If you are wishing to be healthy and vigorous, you must be in healthy conditions; and to be in healthy conditions you must have Christ in view by the Spirit, and then it is that your constitution is formed by that which you enjoy in Christ as Christ is known to us. In human things it may be said that a wife lives by her husband. God has subjected the wife to the husband, and the husband is to love the wife, and, properly speaking, the wife lives morally by the love of the husband; and, on the other hand, the husband is known in the wife, not the wife in the husband. We get that thought at the end of Proverbs. A faithful wife is depicted, and the comment is, that the husband is known by her in the gates. If all of us were kept by the Spirit in the light of Christ (because “the darkness is passing, and the true light now shines”), what would be the result? The character of Christ would come out in us, and we should be marked down here by three qualities — truth and meekness and righteousness. I speak of these because I find them to be connected with the Lord Himself; and those who are living by Christ, in the light of our Sun, in conditions favourable to spiritual life (as it is possible now to live by the Spirit), will come out in truth and meekness and righteousness. These would be exemplified in the saints down here.

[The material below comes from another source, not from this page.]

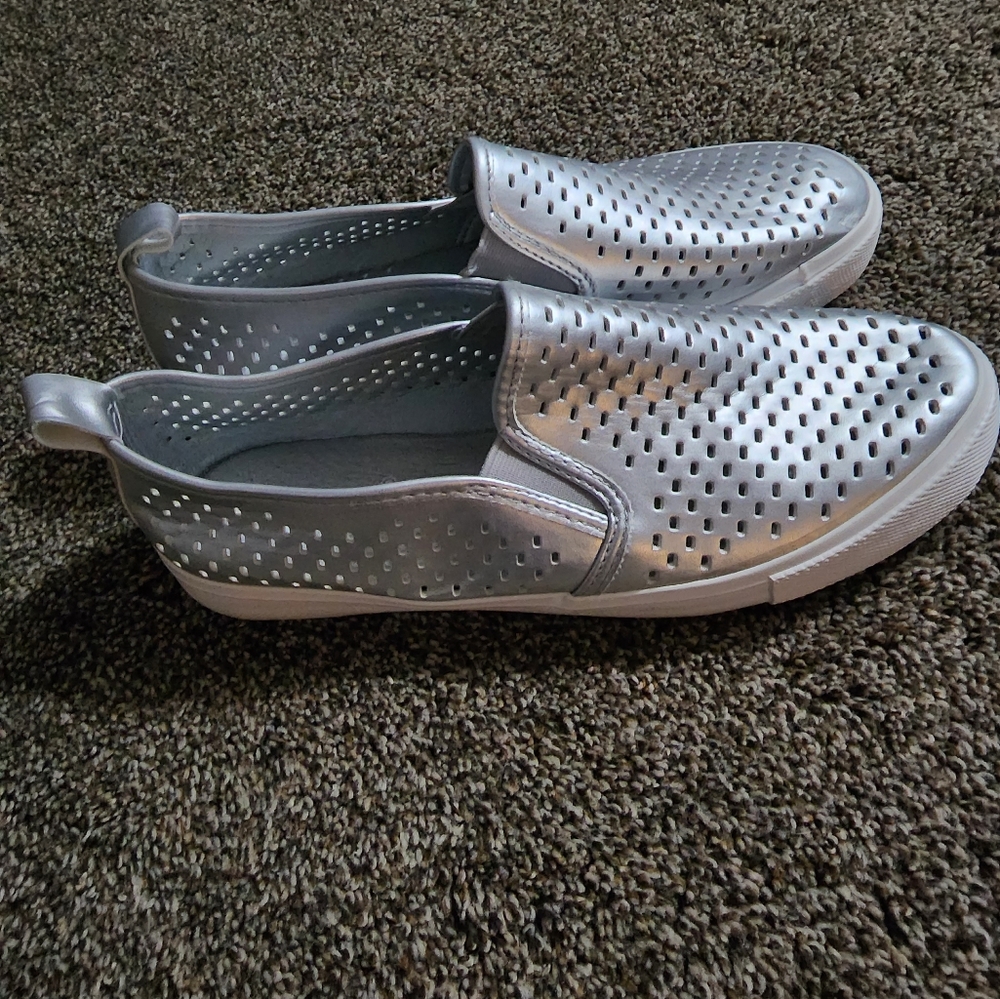 Womens slip on shoes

As regards truth, the affections are regulated by truth, and no affection is disproportionate if truth has its place. Then what marks the Christian is meekness, because if affections are in activity in every right direction, the Christian will not be marked by haughtiness. Then there is righteousness, that is, fidelity in every relationship in which it has pleased God to place the Christian. Clever as men may be (and men are clever), there never was a [p. 215] man in the world that could give you any clear and definite idea of truth and meekness and righteousness. You can get no conception of them except in Christ.
The gain we have in having Christ as Forerunner is that we are linked with the Forerunner, and in the future the Husband will be known in the bride. The bride will be in all the brightness of the Bridegroom; the glory of God is there, and “her light like unto a stone most precious”. The peculiarity of the church is dependent, partly on the calling of God, but even more, in a way, on the link which subsists at this moment between the Forerunner and the many sons whom God is bringing to glory.
There is an education that is going on in the people of God, which is fitting them for the part to be enacted in them in the world to come. The church will be carried up to heaven to be presented in heaven. Christ will present the entire heavenly company there. There would be a great lack if He did not present the church in heavenly array, “not having spot or wrinkle or any such thing”. But the holy city will come out, and the Bridegroom will be known in the bride in that day. In principle this is true now. If we “lived by Him”, in the light and warmth of our blessed Sun, depend upon it that He would be known in us, we should be characterised by truth, meekness, righteousness, gentleness — all that is of Him.